Der Bedarf an Winzern wächst
Ihr Alltag ist erfüllt von harter Arbeit – aber auch von großer Leidenschaft für den Beruf.
(tmn) Die Ruhe vor dem Sturm: So beschreibt Julia Kiebler die Zeit, kurz bevor es losgeht. Die Lese im Herbst ist für Winzer mit die anstrengendste Zeit des Jahres. In den Wochen, bis es so weit ist, hilft die angehende Winzerin dabei, Laub zu entfernen, damit die roten Trauben durchreifen und kräftig nachfärben können. Auf dem Weingut Bernhart, Kieblers aktueller Ausbildungsstation, muss außerdem der letzte Wein der Vorsaison aus den Fässern abgefüllt und weggefahren werden, damit der Keller leer ist für die neue Lese.
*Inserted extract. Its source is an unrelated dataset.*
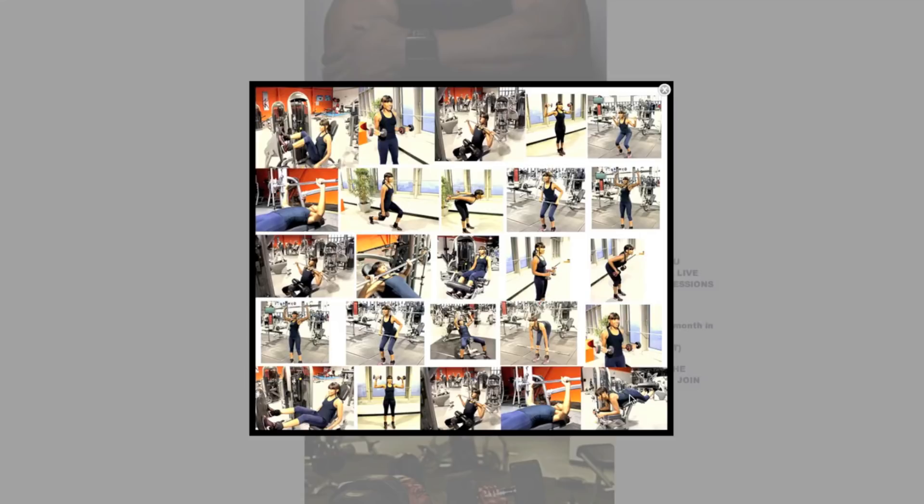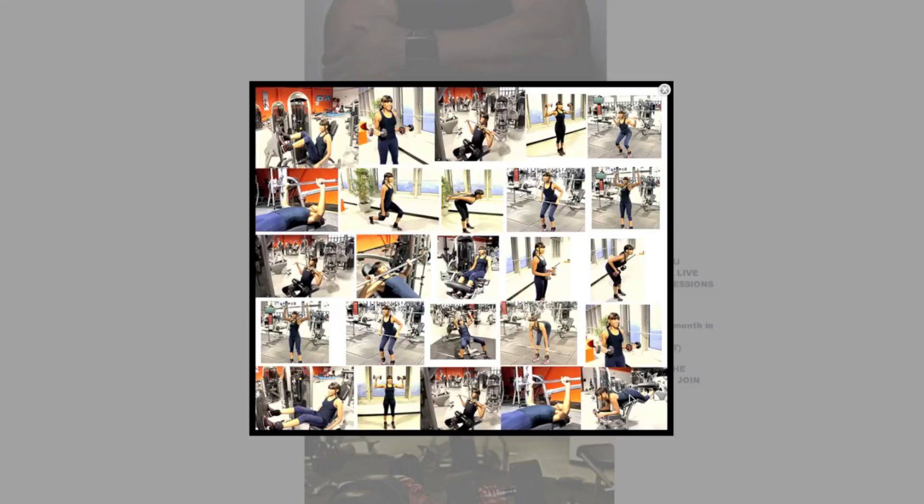Drew Fitness is designed for any age, gender and capability. So why not get involved in the easiest way of having your own personal trainer for life for less than £5? What are you waiting for?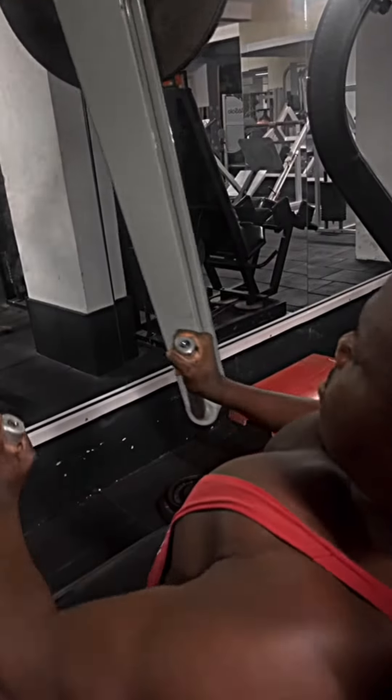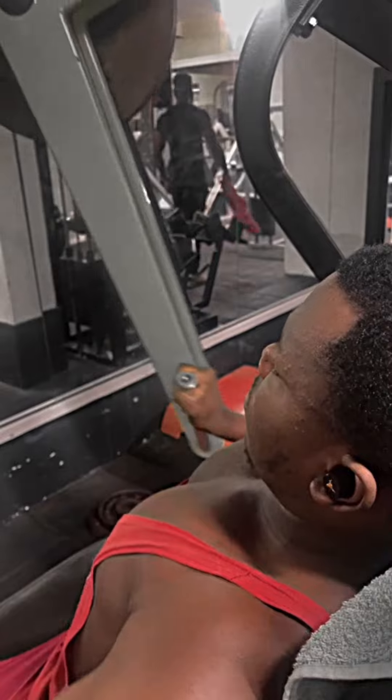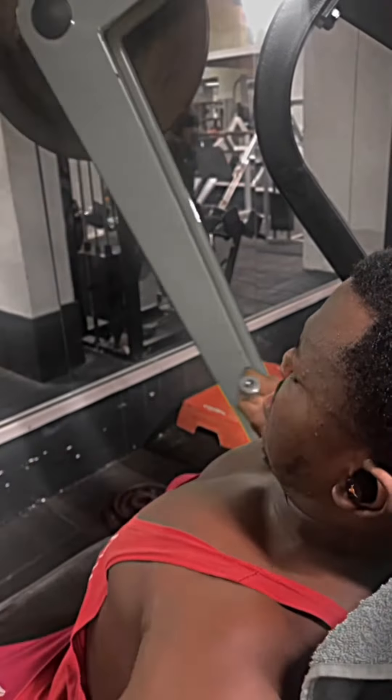This is a different type of machine to target your chest. It depends where you position your hands, but with my hand position, this is targeting my full chest.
Ganz genau weiß die 19-Jährige nie, was sie erwartet, wenn sie morgens in den Betrieb kommt. „Es kann sein, dass ich Flaschen etikettiere, Hefe aufrühre oder Reben entblättern muss.“Im Sommer spielen auch die Messen eine große Rolle. Viele der Auszubildenden dürfen ihre Betriebe dorthin begleiten und kommen mit künftigen Kunden in Kontakt.
Julia Kiebler ist selbst auf einem Weingut aufgewachsen. „Früher war es die Regel, dass die Auszubildenden fast ausschließlich aus der Branche kamen“, erklärt Christian Hill, Abteilungsleiter Schule am Dienstleistungszentrum Ländlicher Raum (DLR) Rheinpfalz in Neustadt an der Weinstraße. Mehr als die Hälfte der heutigen Azubis haben laut Hill aber keinen weinbaulichen Hintergrund.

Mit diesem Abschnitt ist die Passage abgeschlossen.